3. Have Faith in your treatment!

It’s one thing to trust the doctor who decides what protocol you should follow, it’s a whole other issue to trust the drugs that are part of this protocol that will be entering your body! Again, it’s initially intimidating to hear all these chemical names, and even scary to read the pages of side effects and possible long-term effects of these chemical agents. I knew about hair loss and nausea; but hearing loss, liver damage and increase risk for later cancers troubled me! It was either take these drugs that, despite many pitfalls, have proven effectiveness against cancer, or wait around for the cancer to travel, unchecked, throughout my body.

Before my first chemo, I took my protocol description and researched the agents that I would be receiving. What I found was encouraging overall. I read about the same side effects and long-term consequences that my oncologist had already mentioned, but I also read papers pertaining to the extensive experimental trials that outrightly proved the effectiveness of these drugs. I put my fears aside and put faith in the chemical liquid that entered my bloodstream almost every day for the next two years.

I had nausea, barely ever was I without a sore mouth, and now have minor hearing loss, but I’m grateful for those drugs! Most of us put faith into medical science, take the chemo and believe that it will do for us what it has done for many others – kill that cancer!

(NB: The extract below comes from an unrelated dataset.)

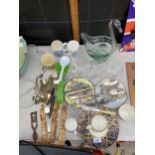 AN ASSORTMENT OF ITEMS TO INCLUDE CERAMIC PLATES, GLASS WARE AND FLAT WARE ETC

4. Have your own spiritual faith.

Many people address faith in the religious sense, whether in be in one God, many gods, prayer, angels, and so on. I do believe in a higher power, there is definitely someone or something at work here–I can’t define it.

Being from a Catholic family, I was brought up on “prayers before bed.” I had long forgotten this bedtime ritual by the time I had reached my teens, but from the day I was diagnosed, I started to say a prayer before going to sleep. Not the standard, memorized prayers I was familiar with from church services; just words that asked for strength to get through another day, to help a fellow patient get through the night, or to help grieving parents find solace. I was, and continue to be, comforted by the thought of my grandparents and dear friend “watching over” me from wherever they are. I do believe in guardian angels.

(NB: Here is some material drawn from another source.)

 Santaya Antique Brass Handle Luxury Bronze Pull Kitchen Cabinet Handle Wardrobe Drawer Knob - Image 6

One moment when my spiritual faith was affirmed was the day when I received the results from my second lobectomy. I had already relapsed in my lungs and though receiving chemo for it, CT scans revealed more tumors. The doctors were even more convinced this time than the last: these “lung spots” looked more like tumors than the ones a few months previous that had led to the first lung surgery. So I had the second, more extensive lobectomy, and while we waited those two weeks in ICU, everyone was preparing for the worst.

I cried, I worried, bargained (“Let me live to be 65, just 65!”), but finally decided let things be. I knew that whatever came was part of my life plan, whether it be good news or bad, whether I liked it or not. But, the results came back: negative.

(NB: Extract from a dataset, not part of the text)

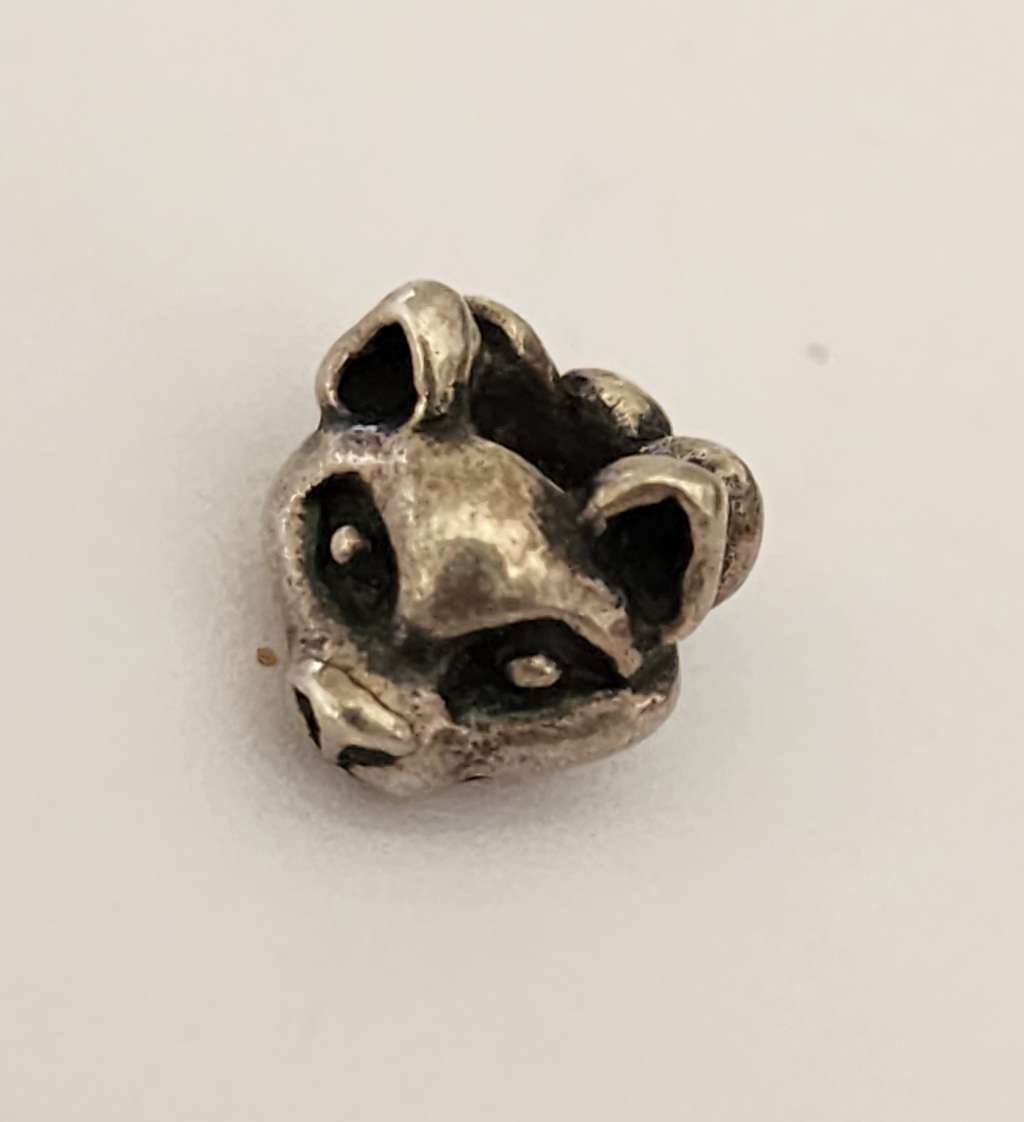 WILFIL CAT BEAD - RETIRED BEAD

Everyone was astounded and joyous! That this happened, a negative result when physicians were so convinced otherwise, was a sign to me that a higher power was at work. To me, the important point here is to have a spiritual faith of some sort, not necessarily one that conforms to a single religion, but one that works for you and brings you some comfort. That’s what having spiritual faith did for me. It didn’t empower me, didn’t energize me, but it did bring me great comfort when I needed it most.

I have found that four faiths are crucial to recovery from a serious illness: faith in oneself, one’s doctor, one’s treatment and one’s spiritual faith.